Apart from the simmering civil war -- reports of mortar attacks, explosions, killings, road minings, attacks on police stations, nighttime artillery exchanges, and similar activities take up more than two-thirds of all radio news programs -- the vicious war of words between Serbia and Croatia is escalating. It seems increasingly unlikely that the leaders of the two republics will find a way to resolve their differences peacefully.
Croatia's Defense Minister Sime Djodan reached new heights this week when he described Serbia's strongman, Slobodan Milosevic, as a "confirmed schizophrenic." Croatia's second-in-command, Mr. Mesic, who is Yugoslavia's titular head state, created a nationwide sensation last week when he likened Milosevic to Adolf Hitler.
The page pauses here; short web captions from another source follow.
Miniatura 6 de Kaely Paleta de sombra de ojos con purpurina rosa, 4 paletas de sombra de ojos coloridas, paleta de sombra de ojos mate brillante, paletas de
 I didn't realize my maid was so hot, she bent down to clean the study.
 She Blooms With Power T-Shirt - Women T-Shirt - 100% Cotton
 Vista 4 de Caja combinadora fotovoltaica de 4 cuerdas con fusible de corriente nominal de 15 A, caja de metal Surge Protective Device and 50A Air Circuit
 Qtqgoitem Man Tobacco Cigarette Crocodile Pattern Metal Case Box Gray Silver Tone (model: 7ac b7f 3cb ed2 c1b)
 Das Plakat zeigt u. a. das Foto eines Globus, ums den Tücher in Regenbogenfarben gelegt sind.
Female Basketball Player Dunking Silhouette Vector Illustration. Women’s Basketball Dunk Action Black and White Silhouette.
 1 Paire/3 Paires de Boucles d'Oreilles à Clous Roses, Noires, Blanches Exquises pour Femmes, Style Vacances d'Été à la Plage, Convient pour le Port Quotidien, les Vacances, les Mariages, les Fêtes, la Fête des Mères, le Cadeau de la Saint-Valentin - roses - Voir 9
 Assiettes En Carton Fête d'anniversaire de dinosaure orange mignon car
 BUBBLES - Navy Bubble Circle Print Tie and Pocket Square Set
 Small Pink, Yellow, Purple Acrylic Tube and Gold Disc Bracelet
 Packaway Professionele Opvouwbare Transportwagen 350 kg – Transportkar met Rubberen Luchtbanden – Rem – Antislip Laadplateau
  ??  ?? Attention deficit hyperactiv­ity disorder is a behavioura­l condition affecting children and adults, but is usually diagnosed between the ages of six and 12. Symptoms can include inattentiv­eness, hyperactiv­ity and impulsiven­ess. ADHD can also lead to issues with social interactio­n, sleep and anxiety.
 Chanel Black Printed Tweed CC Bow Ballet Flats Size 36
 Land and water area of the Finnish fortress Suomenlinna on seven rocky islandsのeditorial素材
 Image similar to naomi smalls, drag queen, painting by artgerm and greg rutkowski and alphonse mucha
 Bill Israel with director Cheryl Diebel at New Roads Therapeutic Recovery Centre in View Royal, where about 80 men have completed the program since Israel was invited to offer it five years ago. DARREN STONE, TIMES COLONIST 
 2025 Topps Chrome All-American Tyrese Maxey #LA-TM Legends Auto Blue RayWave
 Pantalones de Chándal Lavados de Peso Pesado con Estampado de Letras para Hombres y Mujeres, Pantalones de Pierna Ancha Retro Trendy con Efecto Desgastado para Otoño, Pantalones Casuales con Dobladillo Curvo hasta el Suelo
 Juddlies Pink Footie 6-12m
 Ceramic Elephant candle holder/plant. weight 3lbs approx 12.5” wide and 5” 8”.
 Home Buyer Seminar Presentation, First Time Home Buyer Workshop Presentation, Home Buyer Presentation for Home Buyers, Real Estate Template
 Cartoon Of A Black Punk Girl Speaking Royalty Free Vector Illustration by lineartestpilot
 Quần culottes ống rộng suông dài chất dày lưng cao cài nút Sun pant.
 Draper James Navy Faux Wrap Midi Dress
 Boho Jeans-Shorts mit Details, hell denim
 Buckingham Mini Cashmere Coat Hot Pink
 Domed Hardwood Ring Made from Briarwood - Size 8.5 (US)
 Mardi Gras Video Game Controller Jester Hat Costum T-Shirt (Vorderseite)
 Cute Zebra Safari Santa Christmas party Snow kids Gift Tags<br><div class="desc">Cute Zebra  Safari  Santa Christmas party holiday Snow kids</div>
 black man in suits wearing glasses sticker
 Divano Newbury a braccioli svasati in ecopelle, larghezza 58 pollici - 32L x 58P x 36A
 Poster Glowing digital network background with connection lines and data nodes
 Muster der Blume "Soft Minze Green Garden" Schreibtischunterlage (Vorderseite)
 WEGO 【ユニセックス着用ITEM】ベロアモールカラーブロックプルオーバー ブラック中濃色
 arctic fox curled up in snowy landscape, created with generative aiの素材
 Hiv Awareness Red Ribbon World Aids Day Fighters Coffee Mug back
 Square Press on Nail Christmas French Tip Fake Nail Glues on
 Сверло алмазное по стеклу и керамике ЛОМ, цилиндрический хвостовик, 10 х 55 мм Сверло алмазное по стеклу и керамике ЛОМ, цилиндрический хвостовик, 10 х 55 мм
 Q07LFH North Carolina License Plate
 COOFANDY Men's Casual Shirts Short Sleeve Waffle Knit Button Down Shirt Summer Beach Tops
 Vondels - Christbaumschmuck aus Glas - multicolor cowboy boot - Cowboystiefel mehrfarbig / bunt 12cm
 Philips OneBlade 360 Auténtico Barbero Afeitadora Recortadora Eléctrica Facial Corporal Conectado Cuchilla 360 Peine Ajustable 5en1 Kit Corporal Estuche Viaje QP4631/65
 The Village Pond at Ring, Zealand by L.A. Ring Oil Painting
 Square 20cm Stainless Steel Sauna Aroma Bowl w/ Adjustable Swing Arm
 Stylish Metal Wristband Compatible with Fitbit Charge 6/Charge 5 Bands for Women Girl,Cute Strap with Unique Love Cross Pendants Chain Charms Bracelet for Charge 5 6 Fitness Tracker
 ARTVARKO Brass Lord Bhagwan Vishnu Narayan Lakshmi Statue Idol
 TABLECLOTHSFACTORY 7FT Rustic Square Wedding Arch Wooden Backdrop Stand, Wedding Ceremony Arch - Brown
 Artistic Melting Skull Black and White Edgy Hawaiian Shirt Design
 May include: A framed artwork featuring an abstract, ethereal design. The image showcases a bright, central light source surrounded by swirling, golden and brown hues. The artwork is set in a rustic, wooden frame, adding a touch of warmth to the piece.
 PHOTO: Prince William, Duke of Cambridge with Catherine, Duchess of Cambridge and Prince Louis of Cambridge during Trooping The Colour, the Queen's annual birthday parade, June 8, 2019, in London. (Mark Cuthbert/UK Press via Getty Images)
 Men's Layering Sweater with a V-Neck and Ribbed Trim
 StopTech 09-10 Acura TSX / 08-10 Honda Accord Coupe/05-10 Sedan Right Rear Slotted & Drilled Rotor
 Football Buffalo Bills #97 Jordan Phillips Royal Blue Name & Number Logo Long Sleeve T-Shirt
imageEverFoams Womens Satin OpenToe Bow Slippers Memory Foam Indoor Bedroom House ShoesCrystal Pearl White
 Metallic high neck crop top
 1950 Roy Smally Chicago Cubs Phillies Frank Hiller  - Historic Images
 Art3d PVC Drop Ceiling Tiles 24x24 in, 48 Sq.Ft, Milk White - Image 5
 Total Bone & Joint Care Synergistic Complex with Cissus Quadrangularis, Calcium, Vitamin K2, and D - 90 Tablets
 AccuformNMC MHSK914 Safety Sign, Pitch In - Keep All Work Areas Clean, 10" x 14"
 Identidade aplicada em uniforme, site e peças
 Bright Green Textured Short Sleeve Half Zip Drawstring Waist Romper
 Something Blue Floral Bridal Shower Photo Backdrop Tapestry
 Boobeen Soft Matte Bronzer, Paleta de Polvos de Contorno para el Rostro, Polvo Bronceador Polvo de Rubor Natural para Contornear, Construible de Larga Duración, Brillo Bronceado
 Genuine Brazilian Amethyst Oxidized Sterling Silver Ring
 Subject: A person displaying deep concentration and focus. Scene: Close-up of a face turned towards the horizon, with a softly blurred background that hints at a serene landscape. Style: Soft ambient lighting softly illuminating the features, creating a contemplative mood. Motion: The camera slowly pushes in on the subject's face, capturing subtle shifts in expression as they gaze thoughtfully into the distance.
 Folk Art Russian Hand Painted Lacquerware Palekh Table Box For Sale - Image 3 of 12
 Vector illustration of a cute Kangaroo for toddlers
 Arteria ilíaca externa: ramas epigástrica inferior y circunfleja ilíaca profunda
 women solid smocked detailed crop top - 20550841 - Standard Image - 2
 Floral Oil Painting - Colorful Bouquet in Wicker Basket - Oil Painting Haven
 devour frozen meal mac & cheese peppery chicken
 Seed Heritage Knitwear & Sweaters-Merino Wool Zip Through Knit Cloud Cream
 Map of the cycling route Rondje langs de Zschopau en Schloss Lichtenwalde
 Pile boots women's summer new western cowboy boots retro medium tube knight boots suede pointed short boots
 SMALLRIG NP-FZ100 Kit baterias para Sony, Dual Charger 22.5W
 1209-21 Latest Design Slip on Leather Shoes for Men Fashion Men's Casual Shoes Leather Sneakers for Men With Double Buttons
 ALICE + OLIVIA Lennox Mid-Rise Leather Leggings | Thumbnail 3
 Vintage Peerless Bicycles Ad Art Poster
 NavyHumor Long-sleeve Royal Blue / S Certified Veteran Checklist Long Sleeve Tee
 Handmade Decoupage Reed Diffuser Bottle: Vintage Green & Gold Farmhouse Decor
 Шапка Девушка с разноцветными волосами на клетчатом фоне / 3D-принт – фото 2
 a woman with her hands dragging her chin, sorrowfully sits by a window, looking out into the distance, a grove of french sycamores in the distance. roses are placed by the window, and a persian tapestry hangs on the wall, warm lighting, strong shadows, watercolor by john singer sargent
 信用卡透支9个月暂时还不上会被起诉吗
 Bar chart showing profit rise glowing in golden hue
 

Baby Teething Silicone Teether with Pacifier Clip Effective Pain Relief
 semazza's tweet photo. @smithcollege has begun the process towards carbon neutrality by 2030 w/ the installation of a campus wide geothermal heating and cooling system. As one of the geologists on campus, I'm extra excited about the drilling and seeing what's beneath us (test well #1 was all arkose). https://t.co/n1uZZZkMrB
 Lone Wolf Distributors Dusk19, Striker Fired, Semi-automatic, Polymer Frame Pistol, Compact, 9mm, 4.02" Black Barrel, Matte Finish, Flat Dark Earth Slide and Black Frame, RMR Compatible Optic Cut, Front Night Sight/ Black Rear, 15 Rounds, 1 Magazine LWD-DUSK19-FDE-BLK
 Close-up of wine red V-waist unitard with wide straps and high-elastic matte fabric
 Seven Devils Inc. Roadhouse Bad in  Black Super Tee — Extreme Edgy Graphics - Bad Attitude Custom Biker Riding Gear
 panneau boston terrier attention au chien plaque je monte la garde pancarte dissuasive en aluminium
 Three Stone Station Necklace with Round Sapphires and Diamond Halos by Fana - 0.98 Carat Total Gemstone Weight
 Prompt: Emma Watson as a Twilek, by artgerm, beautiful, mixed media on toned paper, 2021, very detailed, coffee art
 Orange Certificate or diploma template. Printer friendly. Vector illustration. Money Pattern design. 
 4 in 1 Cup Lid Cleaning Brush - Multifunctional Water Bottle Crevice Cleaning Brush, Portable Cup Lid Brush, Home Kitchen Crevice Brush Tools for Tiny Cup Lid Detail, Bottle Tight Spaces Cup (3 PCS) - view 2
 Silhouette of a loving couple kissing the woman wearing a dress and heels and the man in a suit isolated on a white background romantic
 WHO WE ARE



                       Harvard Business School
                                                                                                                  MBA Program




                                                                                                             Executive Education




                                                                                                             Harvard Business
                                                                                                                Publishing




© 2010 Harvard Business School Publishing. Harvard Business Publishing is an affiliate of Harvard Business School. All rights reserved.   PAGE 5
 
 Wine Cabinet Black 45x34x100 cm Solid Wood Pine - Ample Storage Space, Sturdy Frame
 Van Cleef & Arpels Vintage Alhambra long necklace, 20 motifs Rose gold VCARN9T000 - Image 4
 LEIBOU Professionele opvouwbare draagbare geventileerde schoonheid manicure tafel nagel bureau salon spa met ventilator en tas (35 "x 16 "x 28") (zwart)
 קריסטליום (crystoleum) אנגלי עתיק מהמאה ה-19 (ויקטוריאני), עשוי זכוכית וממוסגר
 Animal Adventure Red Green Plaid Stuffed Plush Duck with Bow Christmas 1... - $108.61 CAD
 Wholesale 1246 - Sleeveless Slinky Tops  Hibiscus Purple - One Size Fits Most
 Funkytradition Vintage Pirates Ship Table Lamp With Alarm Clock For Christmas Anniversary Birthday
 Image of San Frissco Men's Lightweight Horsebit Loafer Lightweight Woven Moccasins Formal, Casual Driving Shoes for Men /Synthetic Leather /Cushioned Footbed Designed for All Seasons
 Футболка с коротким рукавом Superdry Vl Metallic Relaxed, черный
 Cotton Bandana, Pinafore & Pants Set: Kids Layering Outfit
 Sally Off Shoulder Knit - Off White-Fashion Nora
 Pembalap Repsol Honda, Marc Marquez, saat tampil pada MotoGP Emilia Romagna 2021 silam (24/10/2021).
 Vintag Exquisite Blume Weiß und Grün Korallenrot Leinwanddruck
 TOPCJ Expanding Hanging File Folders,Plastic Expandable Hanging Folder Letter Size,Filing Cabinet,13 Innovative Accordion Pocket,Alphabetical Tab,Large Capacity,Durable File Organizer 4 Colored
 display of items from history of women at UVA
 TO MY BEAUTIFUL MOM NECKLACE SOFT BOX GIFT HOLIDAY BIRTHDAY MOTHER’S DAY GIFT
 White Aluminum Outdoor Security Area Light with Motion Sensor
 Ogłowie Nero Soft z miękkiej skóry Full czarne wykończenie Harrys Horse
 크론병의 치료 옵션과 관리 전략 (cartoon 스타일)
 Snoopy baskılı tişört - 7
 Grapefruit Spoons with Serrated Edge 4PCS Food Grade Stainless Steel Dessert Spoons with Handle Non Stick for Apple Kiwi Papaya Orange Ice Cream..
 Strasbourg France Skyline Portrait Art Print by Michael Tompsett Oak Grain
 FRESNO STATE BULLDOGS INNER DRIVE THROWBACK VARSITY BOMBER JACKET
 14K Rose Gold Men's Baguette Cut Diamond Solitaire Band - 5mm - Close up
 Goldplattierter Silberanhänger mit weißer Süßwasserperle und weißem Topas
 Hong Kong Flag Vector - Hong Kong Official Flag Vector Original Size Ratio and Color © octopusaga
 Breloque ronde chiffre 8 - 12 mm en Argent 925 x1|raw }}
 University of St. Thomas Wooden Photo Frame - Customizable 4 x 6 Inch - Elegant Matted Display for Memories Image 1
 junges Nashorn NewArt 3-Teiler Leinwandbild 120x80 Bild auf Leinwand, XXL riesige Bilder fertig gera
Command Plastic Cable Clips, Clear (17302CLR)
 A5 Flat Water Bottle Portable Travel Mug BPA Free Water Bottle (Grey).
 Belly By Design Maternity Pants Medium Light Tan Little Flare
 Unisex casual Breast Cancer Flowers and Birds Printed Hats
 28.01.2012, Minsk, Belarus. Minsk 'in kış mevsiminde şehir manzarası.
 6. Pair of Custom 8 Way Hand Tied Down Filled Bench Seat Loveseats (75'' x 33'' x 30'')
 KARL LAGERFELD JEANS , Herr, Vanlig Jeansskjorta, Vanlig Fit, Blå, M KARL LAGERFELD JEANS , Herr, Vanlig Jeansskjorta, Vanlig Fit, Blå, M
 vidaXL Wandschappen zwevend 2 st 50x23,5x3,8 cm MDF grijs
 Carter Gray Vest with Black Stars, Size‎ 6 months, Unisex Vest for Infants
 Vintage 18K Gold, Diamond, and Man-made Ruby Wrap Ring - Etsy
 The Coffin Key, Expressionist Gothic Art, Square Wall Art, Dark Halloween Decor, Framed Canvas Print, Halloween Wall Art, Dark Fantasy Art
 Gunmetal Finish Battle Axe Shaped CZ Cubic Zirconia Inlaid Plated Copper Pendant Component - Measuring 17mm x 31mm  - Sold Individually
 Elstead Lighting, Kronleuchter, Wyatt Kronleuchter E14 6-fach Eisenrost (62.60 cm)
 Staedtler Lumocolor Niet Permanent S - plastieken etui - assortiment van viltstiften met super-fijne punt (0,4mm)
The purpose of such pronouncements is unclear. Mr. Mesic's statement was given wide publicity in Serbia, where it was used to show that the Croatian politician lacked balance and a sense of propriety. Western diplomats who know Mr. Mesic were puzzled by his statement, suggesting he may have deliberately sought to inflame ethnic tensions.
Opinion was further inflamed by Croatia's President Tudjman, who said in a separate interview that the crisis between Serbia and Croatia could be overcome by a division of the central republic of Bosnia and Herzegovina.
The idea that Bosnia and Herzegovina should be carved up was discussed in two private meetings between Mr. Tudjman and Mr. Milosevic this spring, according to knowledgeable diplomatic sources. But this was the first time that the sensitive, complex issue was raised in public, provoking an adverse reaction particularly among Moslems, who comprise almost 50 percent of Bosnia and Herzegovina's 4.5 million population.
Croatia's defense minister, presumably to counter the adverse impact among the Moslems, said, "We support an independent Bosnia and Herzegovina. In fact, we welcome it because we know that Bosnia would like to join us in a federation as sort of [a] customs union."
Meanwhile, there are abundant signs that the federal army is rapidly disintegrating. About 600 reservists in Bosnia this week turned in their weapons and uniforms and then went home in protest. "We are not going to shoot at any Yugoslavs, no matter who they are," the protesters shouted.
In Montenegro, only one out of four reservists responded to a call-up. Even in Serbia, young recruits staged a dramatic protest when they announced their defection from the army before the television cameras. Several hundred soldiers turned in their winter uniforms -- the army had no summer clothes to give them -- and they jeered a general who was dispatched to restore order. The soldiers spoke of complete collapse of order and discipline and said the tanks they were given were old and in bad repair.
Another sign of chaos was the flood of refugees. Tens of thousands are fleeing the disputed lands of eastern Croatia, including Serb women and children crossing the Danube River into Serbia, while Croat families board up their homes and move westward.
As if all that were not enough, the Serbian National Council for Slavonia, Baranja and Western Srem formally proclaimed themselves an autonomous region this week -- yet another move seen as a prelude to Serbia's takeover of eastern Croatia.